Dans Rosemont–La Petite-Patrie, on retrouve aussi pas très loin du Château et du Rivoli, dans la rue Saint-Hubert, un autre cinéma, le théâtre Plaza, ouvert en 1922. Le cinéma Beaubien ouvrira ses portes plus tard, en 1937.
La Confederation Amusements Limited était propriétaire du Château et aussi du Théâtre Outremont. Les deux salles de style Art déco sont l’œuvre de l’architecte René Charbonneau et du grand décorateur Emmanuel Briffa. Ce dernier a posé sa marque sur plus de 150 cinémas en Amérique du Nord, dont l’Empress, le Rivoli, le Rialto et le Théâtre Snowdon.
En 1937, on compte 59 salles de cinéma à Montréal. Après les palaces – qui, eux, seront divisés – seront construites des salles plus modestes comme le Cinéma de Paris. L’arrivée de la télévision va changer les habitudes des gens, si bien que des cinémas nicheront leur programmation avec des films de répertoire ou… érotiques !

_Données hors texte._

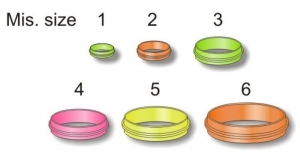 Кольцо силиконовое на комель удилища N 6 (упак. 10шт) 277-6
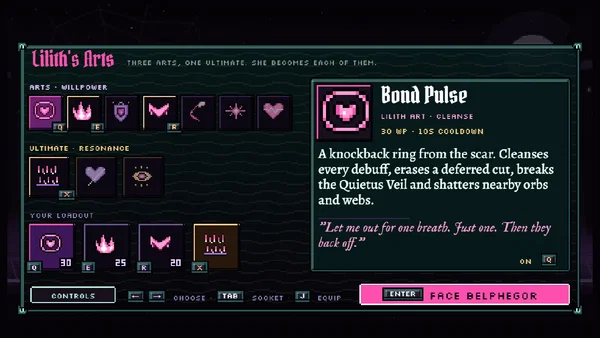 Lilith’s Arts: abilities and ultimates loadout · LuvBytes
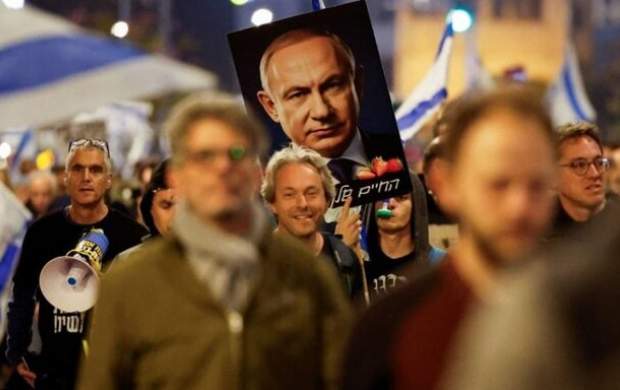 تظاهرات گسترده در فلسطین علیه نتانیاهو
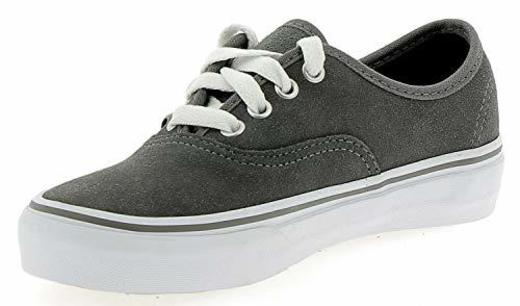 VANS Furgonetas Aute'nticos Zapatos Nios Piel Gris 3Y71UU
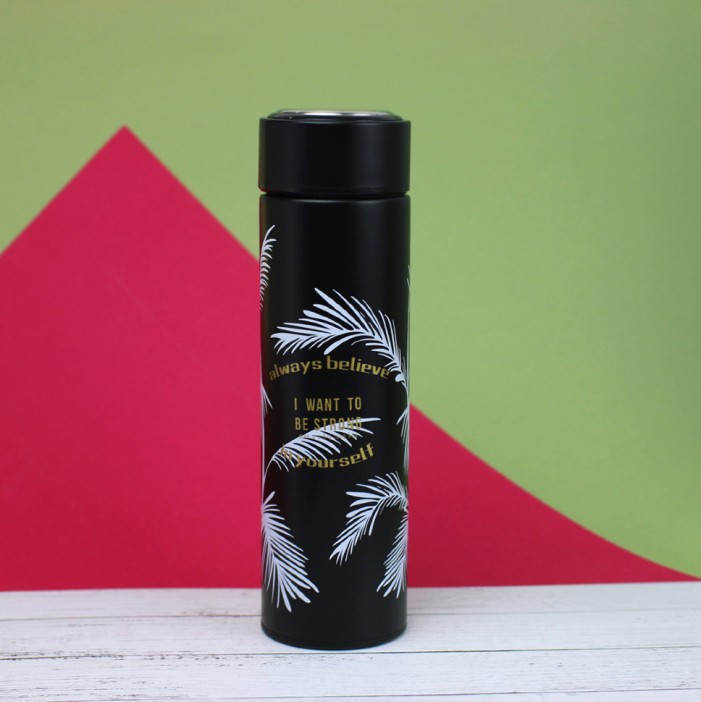 Термос &quot;Always believe&quot;, black (400ml) 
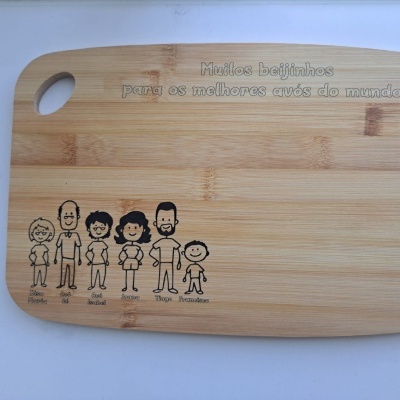 Tábua de Cozinha Personalizada "Avós"
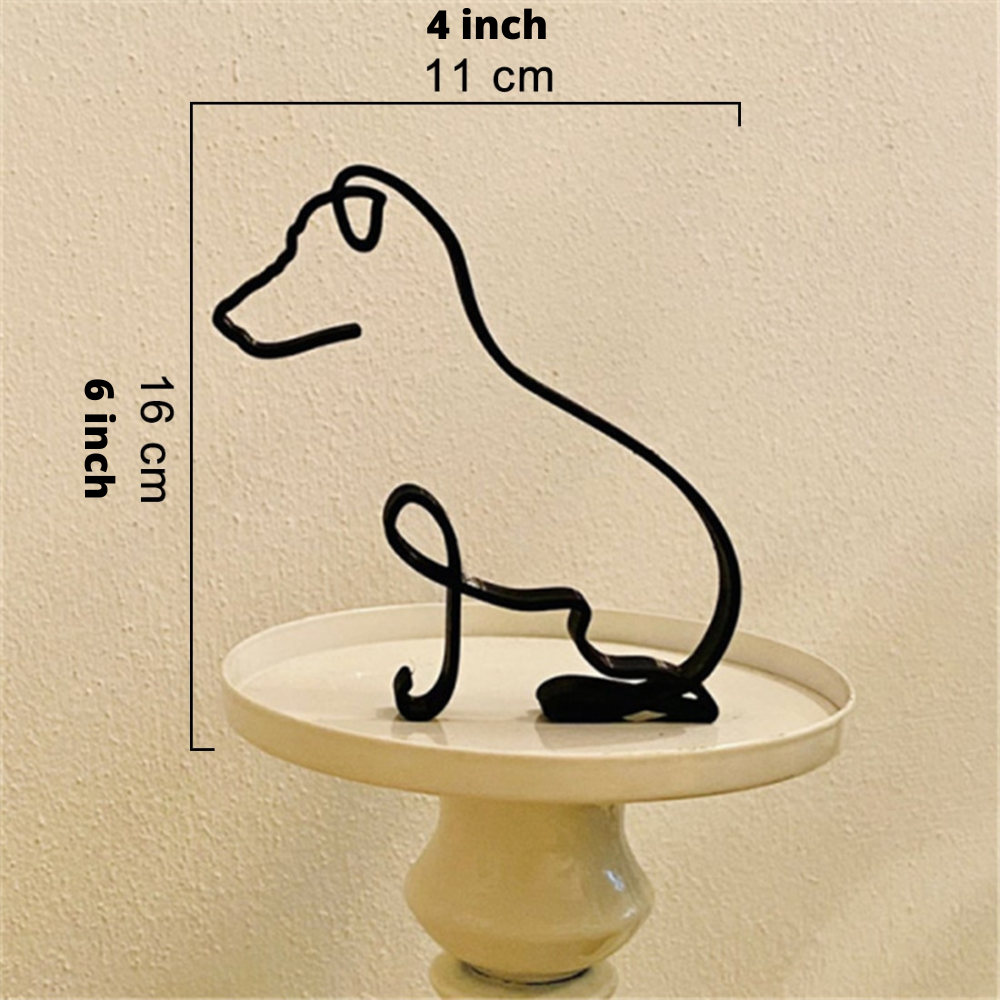 Iron Dog and Cat Sculptures – Whimsical Animal Statues for Home Decor 3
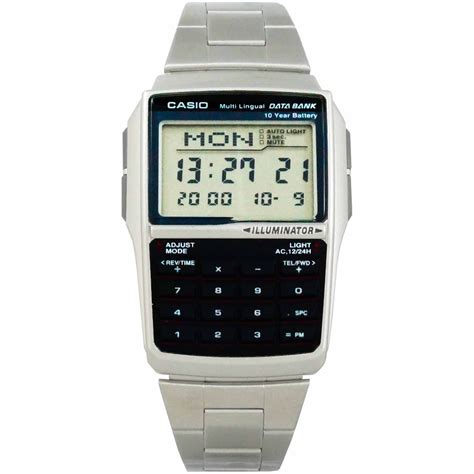 casio silver digital   databank calculator alarm light dbc   walmartcom
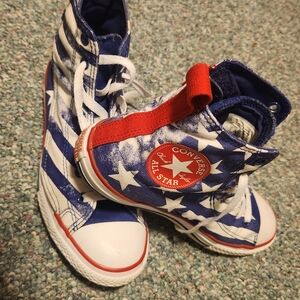 Converse Kids' Blue and Red High-Top Sneakers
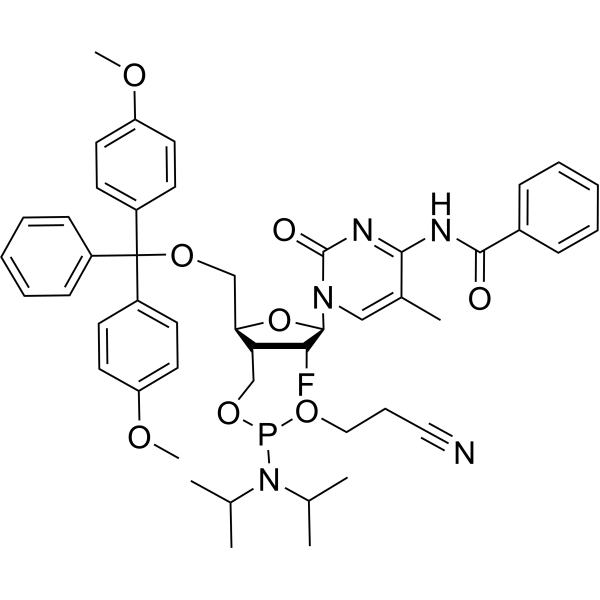 DMT-2'-F-dC(Bz)-CE-Phosphoramidite Chemical Structure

Le Château fait partie des nombreux cinémas qui ont présenté des films osés dans les années 1970, souligne Pierre Pageau. Il a fermé en 1982 pour rouvrir sous le nom d’Espace 9.
On y présentera notamment des films de Disney et La guerre des tuques, mais les projections ont cessé en 1985, et l’édifice a été acquis en 1989 par le Centre chrétien métropolitain.
Quant au Rivoli, il a fermé ses portes en 1982.
Dans les années 1980, plus de salles ferment qu’elles n’ouvrent. « En 1983 arrive Super Écran. Pour une première fois, on peut se brancher sur un poste de télévision qui ne présente que des films. »
Aujourd’hui, Pierre Pageau souligne qu’on assiste à une renaissance « de petites salles de films québécois et de répertoire ». Il cite les cinémas Moderne et Public, et Station Vu, dont il assure la programmation.
Qui sait, peut-être que reviendra l’époque où les « cinémas étaient au centre de tout ».